🤖 AI Summary
This study investigates cognitive disparities between humans and large language models (LLMs) in task generation. We conduct controlled experiments comparing human participants with a GPT-4o–based generative agent, employing validated psychological scales (e.g., Openness) to quantify the influence of values and cognitive styles. Results reveal that human-generated tasks are significantly more social, embodied, and value-directed; by contrast, even when explicitly prompted with psychological traits, LLM-generated tasks remain overly abstract, lacking concrete object interaction and socio-contextual grounding. This work provides the first systematic evidence of fundamental deficits in LLMs’ modeling of intrinsic motivation and embodied cognition—demonstrating that their goal generation is not genuinely human-like: linguistic fluency does not entail value-driven, context-sensitive objective construction. We argue for integrating intrinsic motivation mechanisms and physical/social embedding into the design of next-generation intelligent agents.
📝 Abstract
Humans constantly generate a diverse range of tasks guided by internal motivations. While generative agents powered by large language models (LLMs) aim to simulate this complex behavior, it remains uncertain whether they operate on similar cognitive principles. To address this, we conducted a task-generation experiment comparing human responses with those of an LLM agent (GPT-4o). We find that human task generation is consistently influenced by psychological drivers, including personal values (e.g., Openness to Change) and cognitive style. Even when these psychological drivers are explicitly provided to the LLM, it fails to reflect the corresponding behavioral patterns.
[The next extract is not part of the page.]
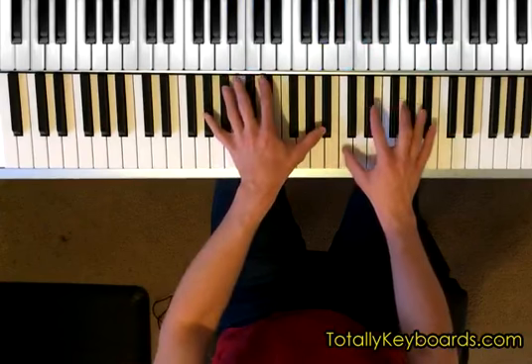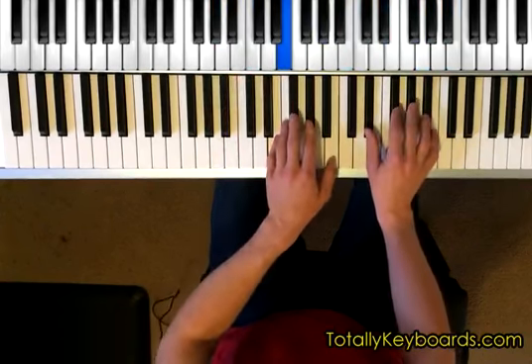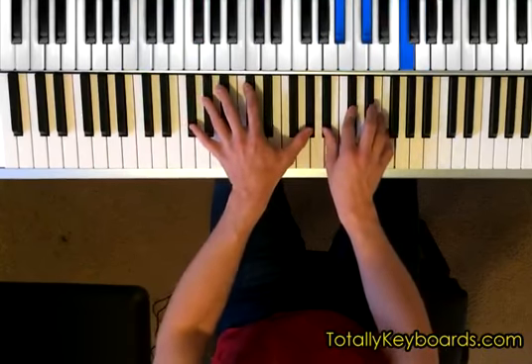Hey everybody, Jake Smolo here, and this is a preview of my newest lesson over at TotallyKeyboards.com. This is the fifth and final lesson in our current Funk Soul Groove series, based on the Red Clay solo changes. This lesson builds on the previous four Funk Soul Groove lessons, so make sure you check those out first for some harmonic foundation.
They produce tasks that are markedly less social, less physical, and thematically biased toward abstraction. Interestingly, while the LLM's tasks were perceived as more fun and novel, this highlights a disconnect between its linguistic proficiency and its capacity to generate human-like, embodied goals.We conclude that there is a core gap between the value-driven, embodied nature of human cognition and the statistical patterns of LLMs, highlighting the necessity of incorporating intrinsic motivation and physical grounding into the design of more human-aligned agents.